Exercise 10: Setting up & querying Google BigQuery
- Start by setting up accounts on Google BigQuery and Google Cloud Storage.
- Normally you just need a Google Account and setup up a paying scheme.
- Before you analyzed the dataset containing the tweets coded according to sentiment. Read about this dataset here: https://www.kaggle.com/kazanova/sentiment140.
- Upload this dataset, i.e. the corresponding .csv file (“tweets-sentiment140.csv”) to your Google Cloud storage: https://console.cloud.google.com/
- First create a project called “my-big-data-analyis”.
- Second create a cloud storage bucket called ‘my-big-data-bucket’ (options: ‘Regional’, Location: ‘europe-west-1’).
- Upload the data file “tweets-sentiment140.csv” to the bucket ‘my-big-data-bucket’.
- Then go to Tools -> Big Query on the left and add the data (see “+ ADD DATA”).
- When adding choose ‘my-big-data-analysis’ and pin the project. Then click on “CREATE DATASET” (see here). And name it “tweets_sentiment”.
- Then add a table in the dataset, taking the table from your cloud storage.

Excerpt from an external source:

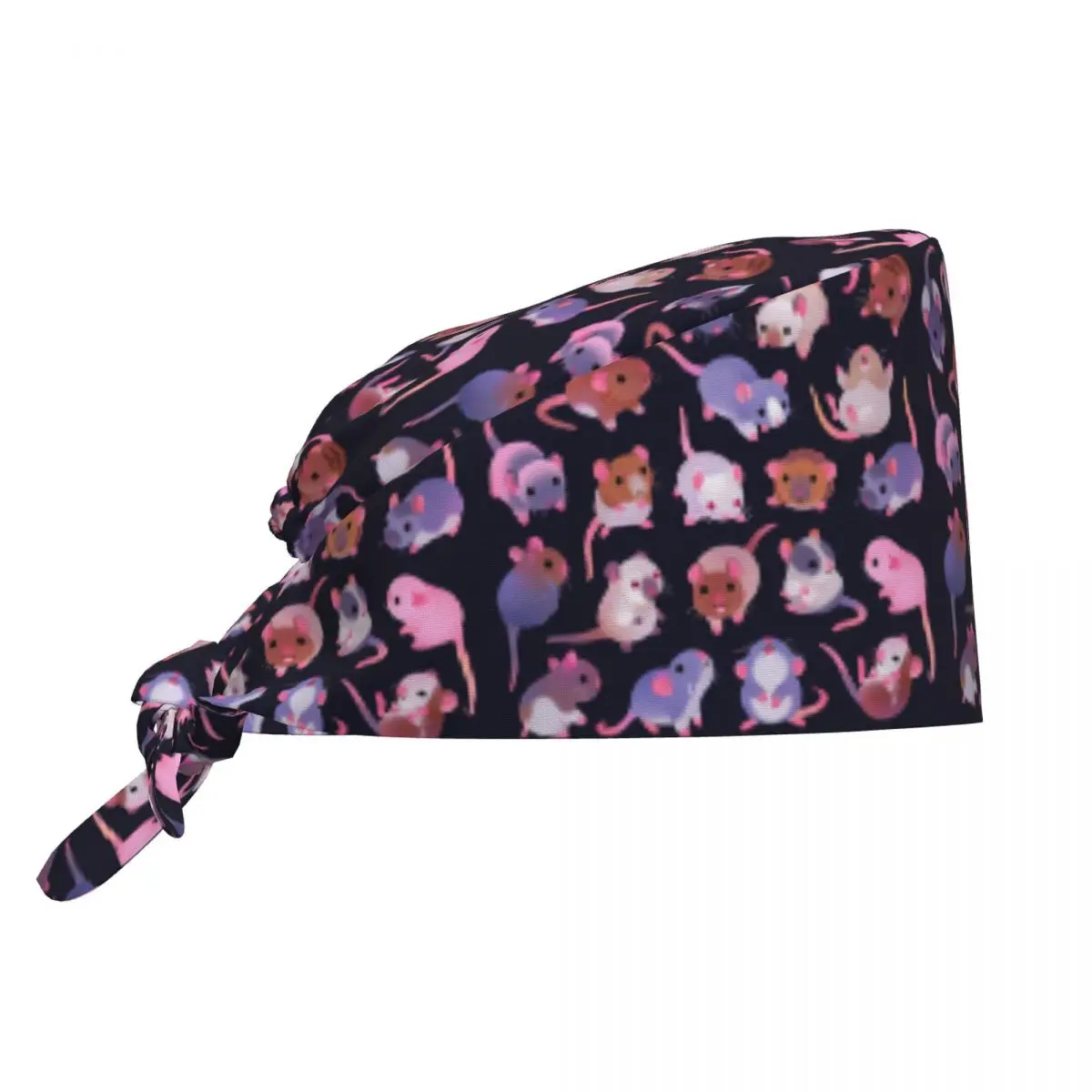 Fancy Rat - Dark Scrub Hat Doctor Working Surgical Cap Men Women Adjustable Nursing Caps for Dentist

- Choose “Create table from: Google cloud storage”.
- Browse to your bucket and choose the “tweets-sentiment140.csv” file.
- Choose “File format csv”
- Write in table name “table_tweets”.
- Choose auto detect schema.
- Click “Create table” (it will take some time).
- Now access your stored data remotely and run different requests. (Tip:
SELECT * FROM [my-big-data-analyis.tweets_sentiment.table_tweets]
)
- How many rows are there in the table “table_tweets”?
- How many rows are there if you group by the first column/the sentiment score?
- Pull out a random sample of 100 rows and calculate the mean sentiment score. Compare that to the mean sentiment score of a random sample of 5000 rows.
- Aggregate/group by username, calculate the average sentiment per username and order the table as to see which are the 20 users with the worst average score across their tweets.
- Pull out a random sample of 50000 rows and store them locally in a .csv file.